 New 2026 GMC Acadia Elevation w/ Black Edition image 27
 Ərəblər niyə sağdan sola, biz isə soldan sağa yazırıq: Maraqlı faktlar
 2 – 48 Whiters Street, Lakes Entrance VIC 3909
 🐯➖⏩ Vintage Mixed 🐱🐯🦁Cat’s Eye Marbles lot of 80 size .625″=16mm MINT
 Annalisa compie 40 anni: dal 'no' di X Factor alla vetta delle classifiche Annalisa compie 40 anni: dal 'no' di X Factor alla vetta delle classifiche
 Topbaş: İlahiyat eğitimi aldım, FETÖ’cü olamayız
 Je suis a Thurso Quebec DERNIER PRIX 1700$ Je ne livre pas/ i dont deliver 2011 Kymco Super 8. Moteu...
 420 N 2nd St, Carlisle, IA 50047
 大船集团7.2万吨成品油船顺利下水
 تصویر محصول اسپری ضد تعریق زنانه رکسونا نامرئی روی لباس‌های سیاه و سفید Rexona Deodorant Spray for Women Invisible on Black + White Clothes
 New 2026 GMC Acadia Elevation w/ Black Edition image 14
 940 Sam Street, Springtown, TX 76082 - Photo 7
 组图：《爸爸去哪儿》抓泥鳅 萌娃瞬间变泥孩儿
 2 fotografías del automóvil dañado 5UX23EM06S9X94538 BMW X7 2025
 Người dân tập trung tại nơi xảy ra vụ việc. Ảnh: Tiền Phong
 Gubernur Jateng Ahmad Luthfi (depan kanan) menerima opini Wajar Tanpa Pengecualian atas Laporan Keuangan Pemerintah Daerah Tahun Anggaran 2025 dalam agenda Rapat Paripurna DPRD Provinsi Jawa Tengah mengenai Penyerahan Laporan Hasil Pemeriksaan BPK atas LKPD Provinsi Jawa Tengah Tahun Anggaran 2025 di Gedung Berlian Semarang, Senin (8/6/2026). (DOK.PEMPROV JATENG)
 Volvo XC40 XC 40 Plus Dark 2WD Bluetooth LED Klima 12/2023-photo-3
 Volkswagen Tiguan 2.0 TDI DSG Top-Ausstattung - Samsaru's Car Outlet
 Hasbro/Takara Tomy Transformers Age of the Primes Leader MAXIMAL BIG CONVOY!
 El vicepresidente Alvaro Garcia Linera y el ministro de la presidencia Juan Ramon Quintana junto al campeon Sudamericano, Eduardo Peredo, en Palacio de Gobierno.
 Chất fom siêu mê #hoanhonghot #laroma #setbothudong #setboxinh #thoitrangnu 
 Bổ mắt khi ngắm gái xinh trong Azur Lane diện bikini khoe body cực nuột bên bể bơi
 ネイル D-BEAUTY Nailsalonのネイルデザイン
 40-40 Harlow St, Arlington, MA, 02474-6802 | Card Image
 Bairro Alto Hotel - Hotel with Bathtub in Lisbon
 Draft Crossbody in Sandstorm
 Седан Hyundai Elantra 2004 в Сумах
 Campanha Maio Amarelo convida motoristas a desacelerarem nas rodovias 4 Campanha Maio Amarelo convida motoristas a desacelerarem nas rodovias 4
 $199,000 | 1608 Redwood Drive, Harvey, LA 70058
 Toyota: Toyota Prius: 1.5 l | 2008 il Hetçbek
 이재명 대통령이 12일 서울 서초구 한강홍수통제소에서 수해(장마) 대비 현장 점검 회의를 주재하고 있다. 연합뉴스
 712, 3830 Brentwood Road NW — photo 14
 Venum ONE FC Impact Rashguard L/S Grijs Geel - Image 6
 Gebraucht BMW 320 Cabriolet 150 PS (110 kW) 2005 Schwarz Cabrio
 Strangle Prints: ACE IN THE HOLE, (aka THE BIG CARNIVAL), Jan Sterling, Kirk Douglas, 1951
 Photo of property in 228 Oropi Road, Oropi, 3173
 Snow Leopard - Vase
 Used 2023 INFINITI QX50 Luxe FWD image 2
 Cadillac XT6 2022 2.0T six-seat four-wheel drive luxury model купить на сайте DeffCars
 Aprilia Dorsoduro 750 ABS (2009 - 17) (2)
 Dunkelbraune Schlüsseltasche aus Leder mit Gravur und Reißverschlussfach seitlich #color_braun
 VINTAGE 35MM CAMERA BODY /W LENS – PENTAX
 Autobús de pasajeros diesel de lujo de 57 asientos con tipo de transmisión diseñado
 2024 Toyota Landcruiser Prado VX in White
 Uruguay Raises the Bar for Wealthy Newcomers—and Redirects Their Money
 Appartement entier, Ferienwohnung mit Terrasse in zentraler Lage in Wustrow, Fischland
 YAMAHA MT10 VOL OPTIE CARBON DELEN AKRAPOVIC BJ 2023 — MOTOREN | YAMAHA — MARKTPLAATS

----------

● **ABOUT THIS EXERCISE**: Please output exactly the lines between the one holding "420 N 2nd St, Carlisle, IA 50047" and the one holding "Người dân tập" in the records above, inclusive, and nothing more.

● **TASK SOLUTION**:
 420 N 2nd St, Carlisle, IA 50047
 大船集团7.2万吨成品油船顺利下水
 تصویر محصول اسپری ضد تعریق زنانه رکسونا نامرئی روی لباس‌های سیاه و سفید Rexona Deodorant Spray for Women Invisible on Black + White Clothes
 New 2026 GMC Acadia Elevation w/ Black Edition image 14
 940 Sam Street, Springtown, TX 76082 - Photo 7
 组图：《爸爸去哪儿》抓泥鳅 萌娃瞬间变泥孩儿
 2 fotografías del automóvil dañado 5UX23EM06S9X94538 BMW X7 2025
 Người dân tập trung tại nơi xảy ra vụ việc. Ảnh: Tiền Phong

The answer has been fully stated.